_TRY IT:_ Restate, word for word and with no pictures, the stretch of lines in the data below that begins at the line with "Hand Printed Greeting Cards" and ends at the line with "Pop-Up Beach Tent", inclusive.

_RECORDS SHOWN:_
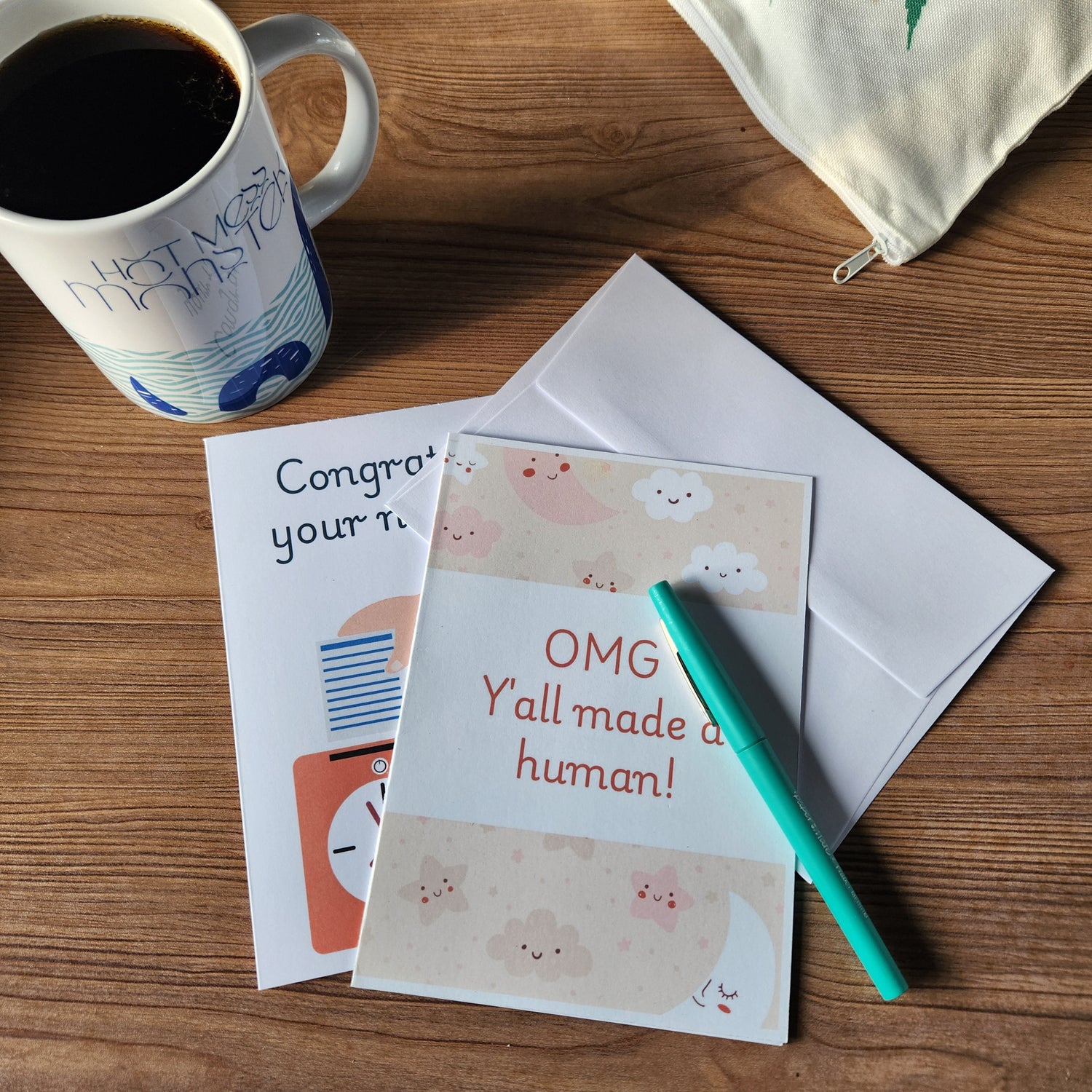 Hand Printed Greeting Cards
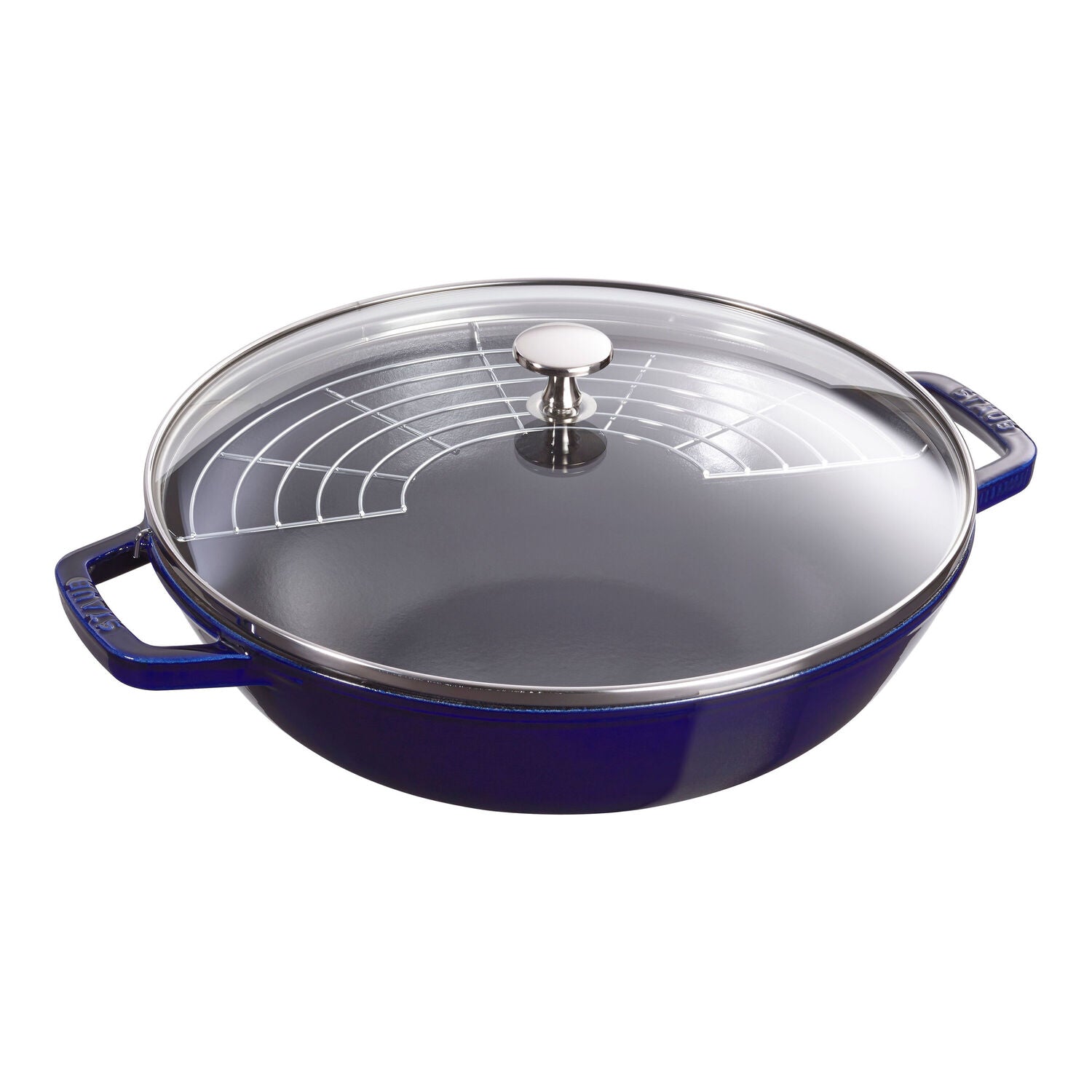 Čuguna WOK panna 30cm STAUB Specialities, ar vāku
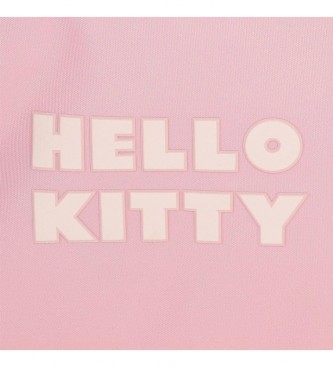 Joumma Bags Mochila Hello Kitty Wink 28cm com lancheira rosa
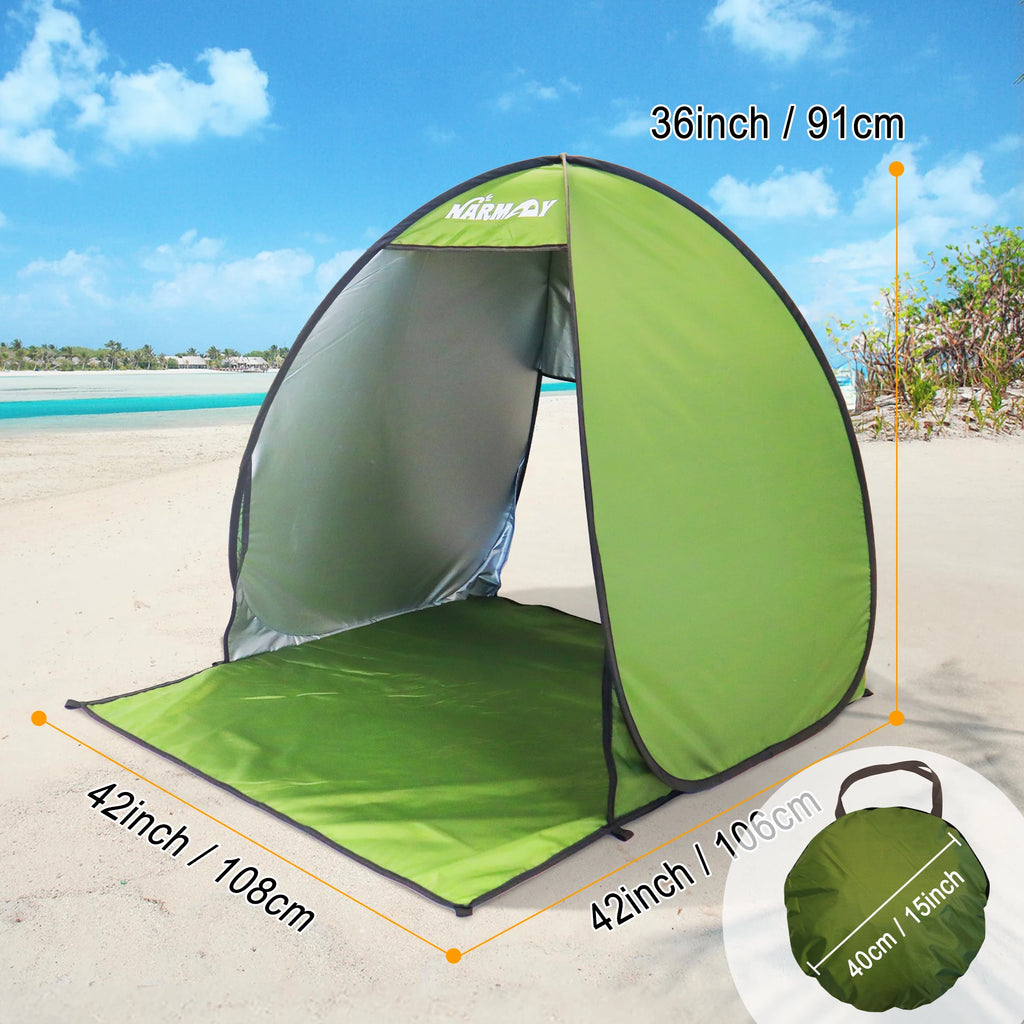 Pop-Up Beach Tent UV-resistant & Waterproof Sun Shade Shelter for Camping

--

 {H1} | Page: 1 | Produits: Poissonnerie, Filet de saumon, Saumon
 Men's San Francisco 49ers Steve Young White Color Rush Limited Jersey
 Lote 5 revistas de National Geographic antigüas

==

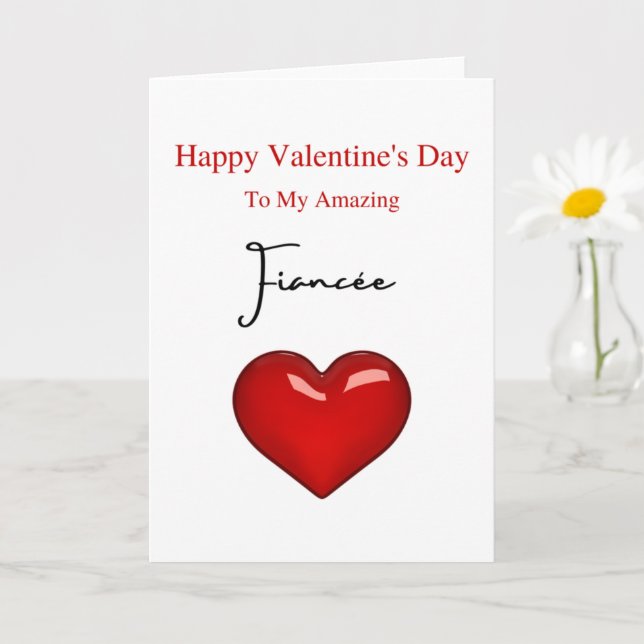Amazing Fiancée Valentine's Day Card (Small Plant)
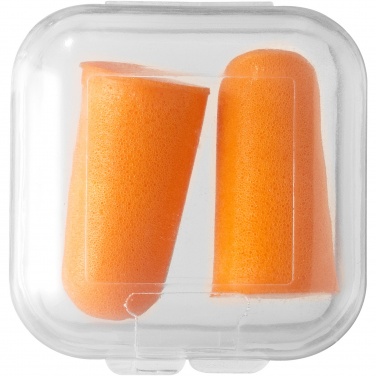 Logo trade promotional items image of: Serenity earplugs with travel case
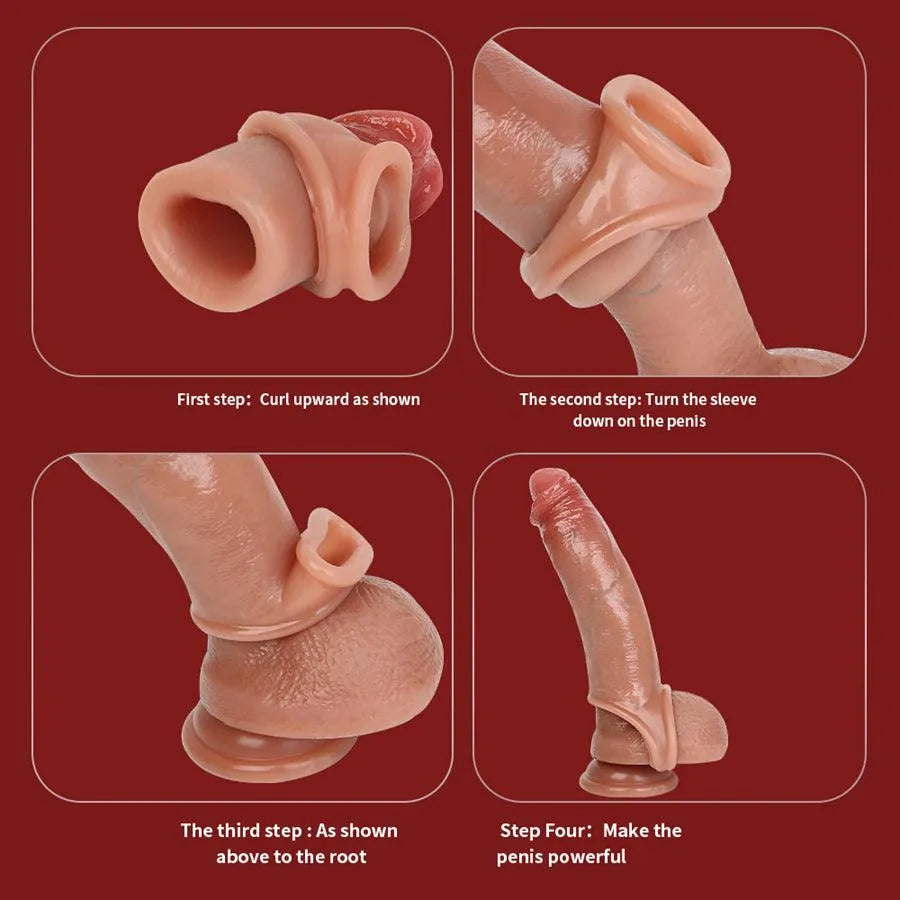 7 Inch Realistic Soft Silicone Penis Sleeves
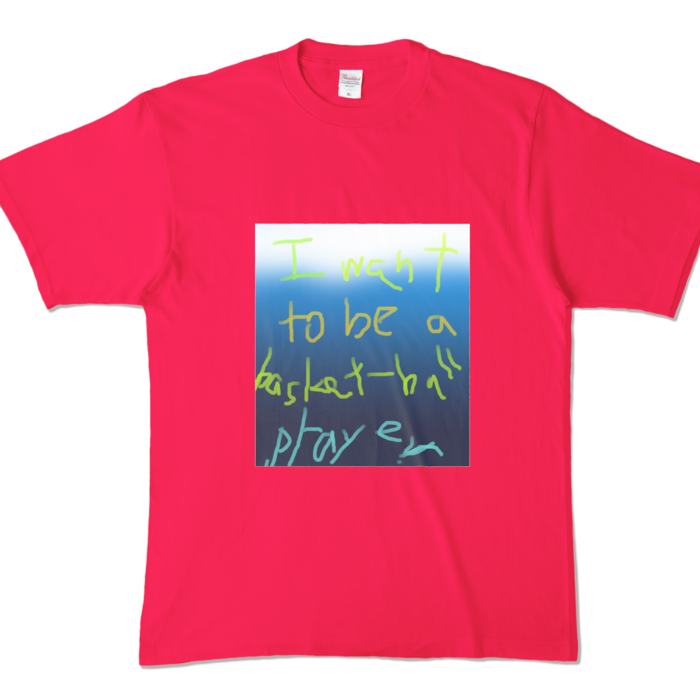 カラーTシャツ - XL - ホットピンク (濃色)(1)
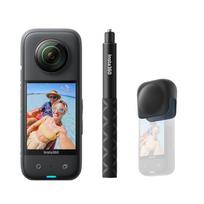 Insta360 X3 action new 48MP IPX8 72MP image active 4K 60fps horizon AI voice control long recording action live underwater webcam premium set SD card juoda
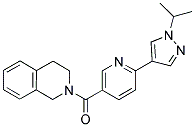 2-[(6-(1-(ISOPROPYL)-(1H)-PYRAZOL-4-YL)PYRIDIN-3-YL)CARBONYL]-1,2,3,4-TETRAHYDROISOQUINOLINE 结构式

_ANSWER TO THIS TASK:_
 Hand Printed Greeting Cards
 Čuguna WOK panna 30cm STAUB Specialities, ar vāku
 Joumma Bags Mochila Hello Kitty Wink 28cm com lancheira rosa
 Pop-Up Beach Tent UV-resistant & Waterproof Sun Shade Shelter for Camping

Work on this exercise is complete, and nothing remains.